Last night, I came home extremely tired. I’ve been working nonstop. I worked through my weekend and I envision that being the case this weekend as well. I haven’t gotten in before 8:00pm this week because I’ve been spending every waking moment in DC Scholars Stanton. I say this not because I want admiration or pity, I say this because I wholeheartedly want to do everything possible to be an effective teacher and lead my scholars to achieving their academic goals this year.
It is all I think about. How can I teach this reading strategy better? How can I reach my lowest students? How can I make sure I’m creating a welcoming atmosphere? How can I be a great school teammate? The list of questions–much like my to-do list– is never-ending. Whenever I think I’m ahead, I think of something else that needs to be done because we are in an educational crisis. The stakes are too high and I refuse to be part of the problem.
Earlier today, President Obama delivered his annual Back to School speech, right here in Washington, D.C. at Benjamin Banneker High School. Although, I could not see it delivered live, I felt compelled to watch it tonight before hitting the sack. I was not disappointed. I felt like he knew exactly how I felt at that moment. It was like he was in my living room and speaking directly to me.

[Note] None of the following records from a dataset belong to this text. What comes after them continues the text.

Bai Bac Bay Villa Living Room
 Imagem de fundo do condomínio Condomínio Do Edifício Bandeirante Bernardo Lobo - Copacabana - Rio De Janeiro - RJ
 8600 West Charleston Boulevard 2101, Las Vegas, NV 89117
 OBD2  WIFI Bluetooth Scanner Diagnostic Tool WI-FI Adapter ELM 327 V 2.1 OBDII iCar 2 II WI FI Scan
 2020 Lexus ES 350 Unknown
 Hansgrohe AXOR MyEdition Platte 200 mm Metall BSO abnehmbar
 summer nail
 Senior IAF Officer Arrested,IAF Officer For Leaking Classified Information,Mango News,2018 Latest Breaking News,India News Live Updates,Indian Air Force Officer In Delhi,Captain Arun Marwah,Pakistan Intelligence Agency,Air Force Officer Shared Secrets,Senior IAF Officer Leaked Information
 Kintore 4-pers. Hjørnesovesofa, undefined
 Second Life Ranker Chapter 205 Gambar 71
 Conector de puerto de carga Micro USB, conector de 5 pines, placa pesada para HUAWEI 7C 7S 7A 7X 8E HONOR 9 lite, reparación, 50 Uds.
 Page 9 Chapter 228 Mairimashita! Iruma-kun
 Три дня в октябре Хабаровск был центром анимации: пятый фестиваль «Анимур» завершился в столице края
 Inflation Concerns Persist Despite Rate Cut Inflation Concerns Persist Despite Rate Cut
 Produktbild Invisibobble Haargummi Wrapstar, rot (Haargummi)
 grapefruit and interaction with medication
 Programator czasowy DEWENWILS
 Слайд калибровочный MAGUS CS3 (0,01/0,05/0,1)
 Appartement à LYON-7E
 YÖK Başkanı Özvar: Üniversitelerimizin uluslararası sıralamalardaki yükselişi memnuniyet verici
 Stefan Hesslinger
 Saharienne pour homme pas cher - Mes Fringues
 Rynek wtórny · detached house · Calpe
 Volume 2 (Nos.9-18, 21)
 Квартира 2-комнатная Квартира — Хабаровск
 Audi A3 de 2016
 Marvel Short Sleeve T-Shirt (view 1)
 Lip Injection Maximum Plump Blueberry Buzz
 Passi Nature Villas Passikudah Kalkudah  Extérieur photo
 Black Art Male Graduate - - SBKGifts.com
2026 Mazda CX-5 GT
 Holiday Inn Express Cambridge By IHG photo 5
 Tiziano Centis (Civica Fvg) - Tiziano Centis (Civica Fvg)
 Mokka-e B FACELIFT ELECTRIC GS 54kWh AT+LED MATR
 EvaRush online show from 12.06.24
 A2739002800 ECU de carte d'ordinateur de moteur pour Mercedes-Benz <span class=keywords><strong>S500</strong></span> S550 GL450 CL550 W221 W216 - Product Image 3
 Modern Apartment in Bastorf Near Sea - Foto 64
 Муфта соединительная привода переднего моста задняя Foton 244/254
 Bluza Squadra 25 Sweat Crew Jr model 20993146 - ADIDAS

In one part of his speech, he talked about teachers. Below is what he said:
Let me say something about teachers, by the way. Teachers are the men and women who might be working harder than just about anybody these days. (Applause.) Whether you go to a big school or a small one, whether you attend a public or a private or charter school –- your teachers are giving up their weekends; they’re waking up at dawn; they’re cramming their days full of classes and extra-curricular activities. And then they’re going home, eating some dinner, and then they’ve got to stay up sometimes past midnight, grading your papers and correcting your grammar, and making sure you got that algebra formula properly.
And they don’t do it for a fancy office. They don’t — they sure don’t do it for the big salary. They do it for you. They do it because nothing gives them more satisfaction than seeing you learn. They live for those moments when something clicks; when you amaze them with your intellect or your vocabulary, or they see what kind of person you’re becoming. And they’re proud of you. And they say, I had something to do with that, that wonderful young person who is going to succeed. They have confidence in you that you will be citizens and leaders who take us into tomorrow. They know you’re our future. So your teachers are pouring everything they got into you, and they’re not alone.